DATA 624 HW#7

DATA 624 HW-7

library(AppliedPredictiveModeling)
library(caret)

## Loading required package: ggplot2

## Loading required package: lattice

library(elasticnet)

## Loading required package: lars

## Loaded lars 1.3

library(pls)

## Warning: package 'pls' was built under R version 4.3.3

## 
## Attaching package: 'pls'

## The following object is masked from 'package:caret':
## 
##     R2

## The following object is masked from 'package:stats':
## 
##     loadings

library(RColorBrewer)
library(reshape2)
library(tidyverse)

## ── Attaching core tidyverse packages ──────────────────────── tidyverse 2.0.0 ──
## ✔ dplyr     1.1.4     ✔ readr     2.1.5
## ✔ forcats   1.0.0     ✔ stringr   1.5.1
## ✔ lubridate 1.9.3     ✔ tibble    3.2.1
## ✔ purrr     1.0.2     ✔ tidyr     1.3.1

## ── Conflicts ────────────────────────────────────────── tidyverse_conflicts() ──
## ✖ dplyr::filter() masks stats::filter()
## ✖ dplyr::lag()    masks stats::lag()
## ✖ purrr::lift()   masks caret::lift()
## ℹ Use the conflicted package (<http://conflicted.r-lib.org/>) to force all conflicts to become errors

6.2. Developing a model to predict permeability (see Sect. 1.4) could save significant resources for a pharmaceutical company, while at the same time more rapidly identifying molecules that have a sufficient permeability to become a drug: (a) Start R and use these commands to load the data: > library(AppliedPredictiveModeling) > data(permeability) The matrix fingerprints contains the 1,107 binary molecular predictors for the 165 compounds, while permeability contains permeability response.

library(AppliedPredictiveModeling)
data(permeability)

The fingerprint predictors indicate the presence or absence of substructures of a molecule and are often sparse meaning that relatively few of the molecules contain each substructure.
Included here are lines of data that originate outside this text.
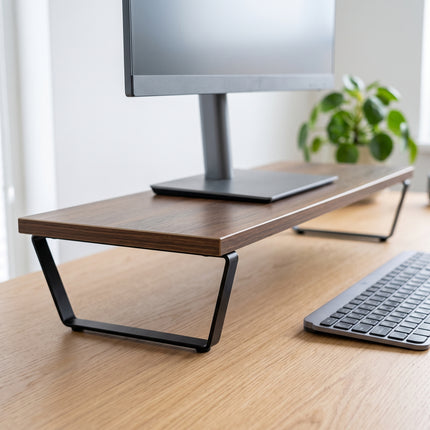 Cheqo® Monitorstandaard Bruin - Hero Lifestyle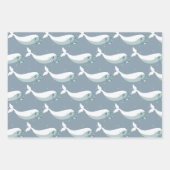 ホエーお洒落ル・クリスマス・ラッピング・紙・シート ラッピングペーパーシート (正面)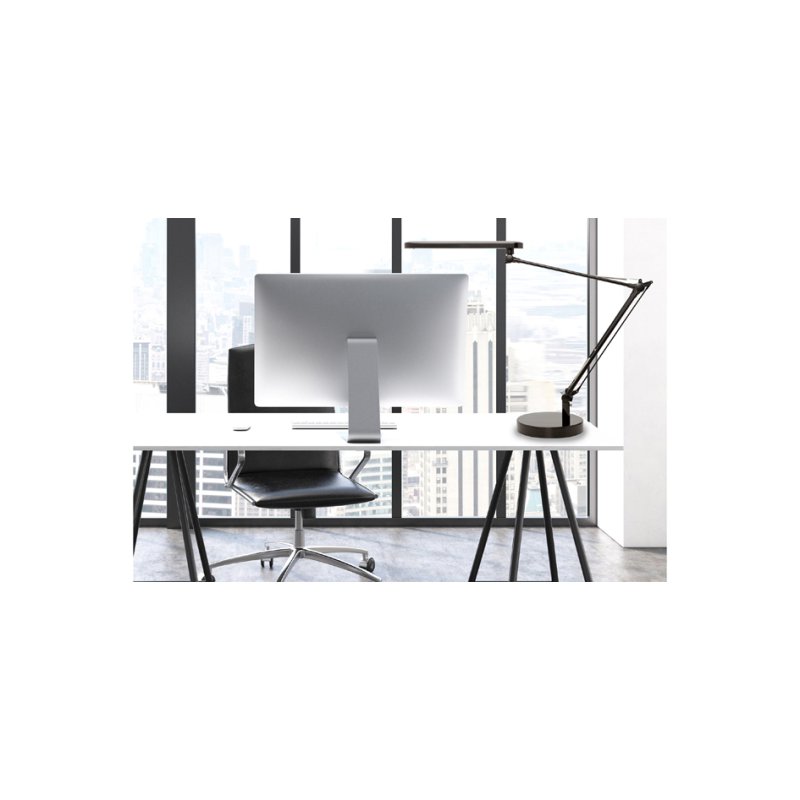 UNiLUX LED bureaulamp MAMBO LED 2.0, metaalgrijs, 6,8W, dimbaar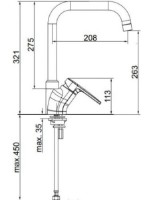 Смеситель для кухни Herz Infinity i23 Plus (UH00176) фото №2 — интернет-магазин Desire.md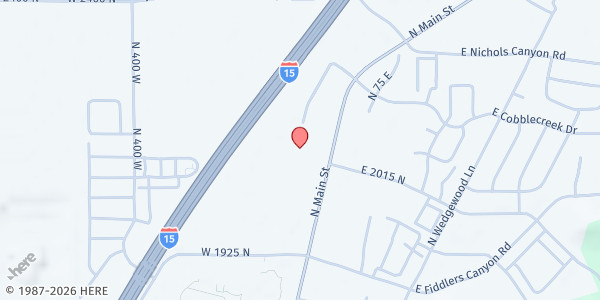 Map showing True Life Center Pantry at 2111 N Main St, Cedar City, UT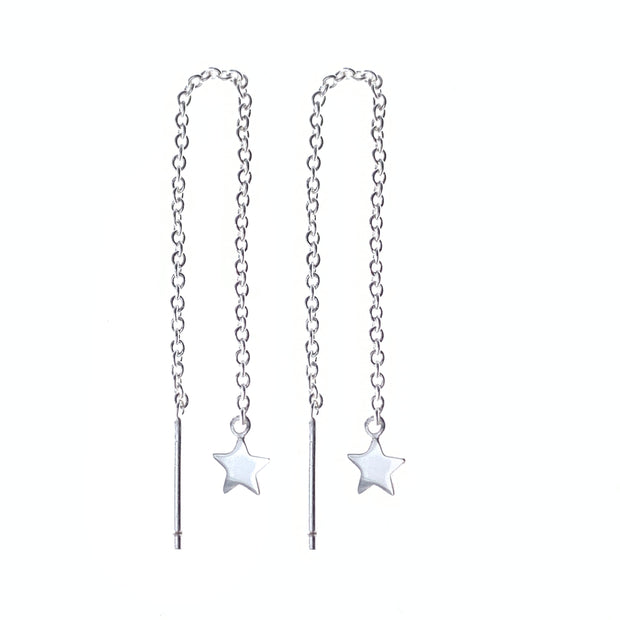 Star Silver Thread Earrings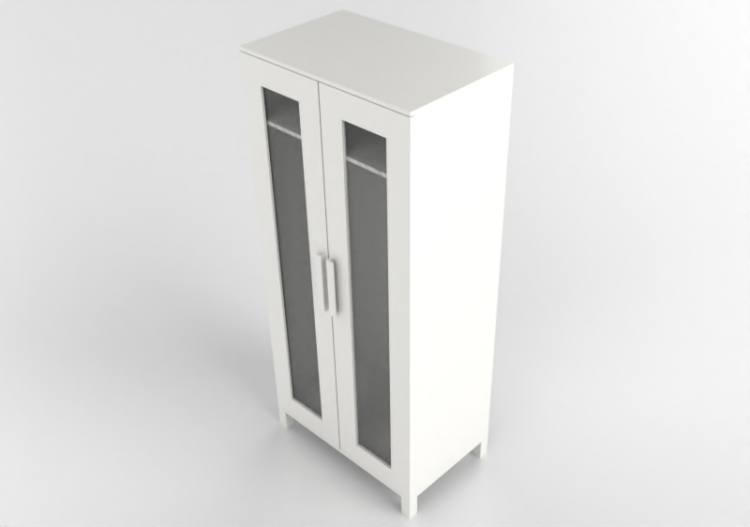 Armadi 3D - Armadio in legno laccato - Ikea - Aneboda -...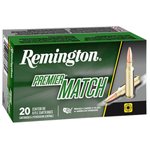 Remington Premier Match RM223R3 223 Rem 77gr BTHP Boat Tail Hollow Point 20rd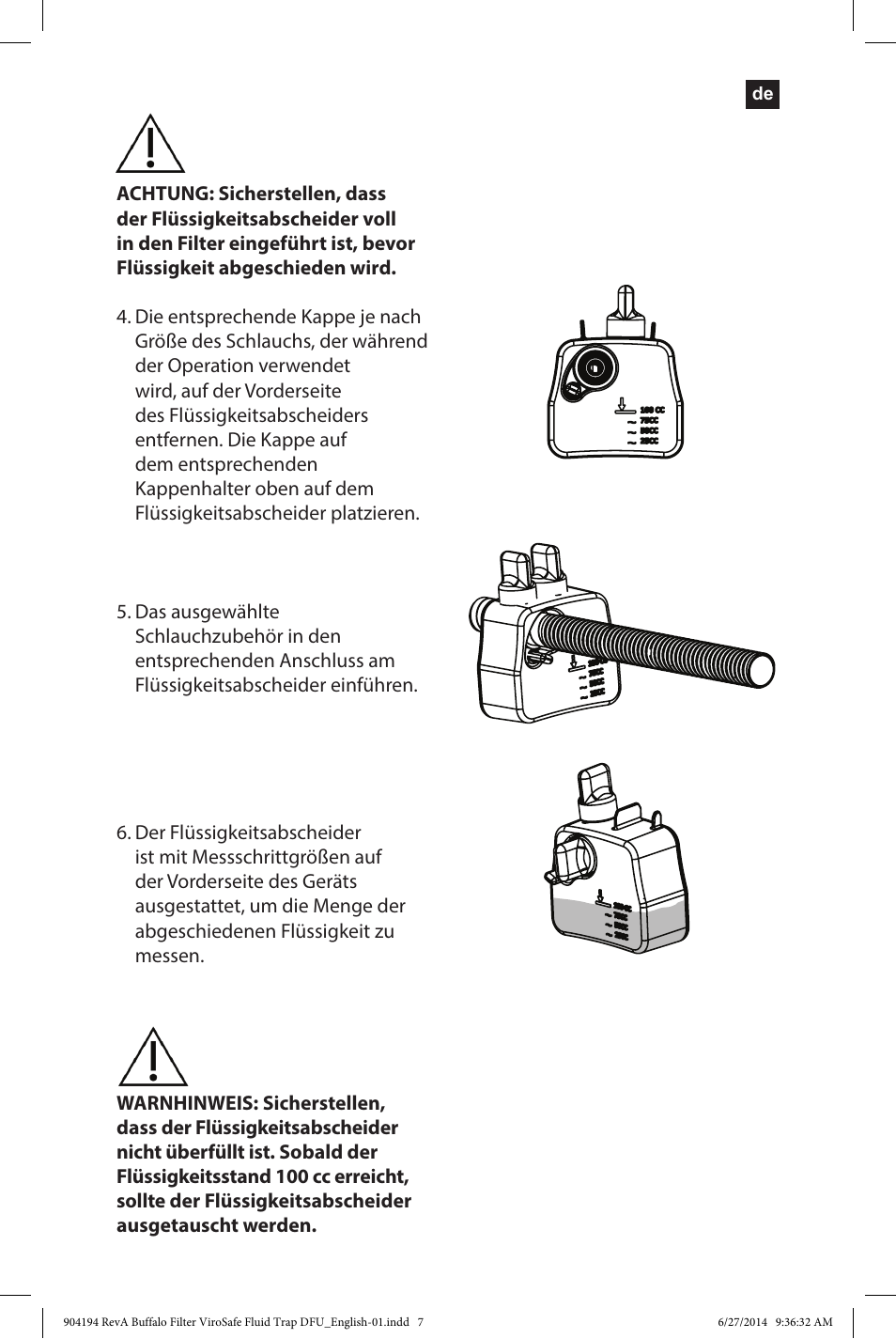 Buffalo Filter ViroSafe Fluid Trap User Manual | Page 7 / 40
Filter out the predictors that have low frequencies using the nearZeroVar function from the caret package. How many predictors are left for modeling?

nzvFingerprints <- nearZeroVar(fingerprints)
noNzvFingerprints <- fingerprints[, -nzvFingerprints]
num_predictors_remaining <- ncol(noNzvFingerprints)
num_predictors_remaining

## [1] 388

Split the data into a training and a test set, pre-process the data, and tune a PLS model. How many latent variables are optimal and what is the corresponding resampled estimate of R2?

set.seed(1234)
trainingRows <- createDataPartition(permeability, p = 0.75, list = FALSE)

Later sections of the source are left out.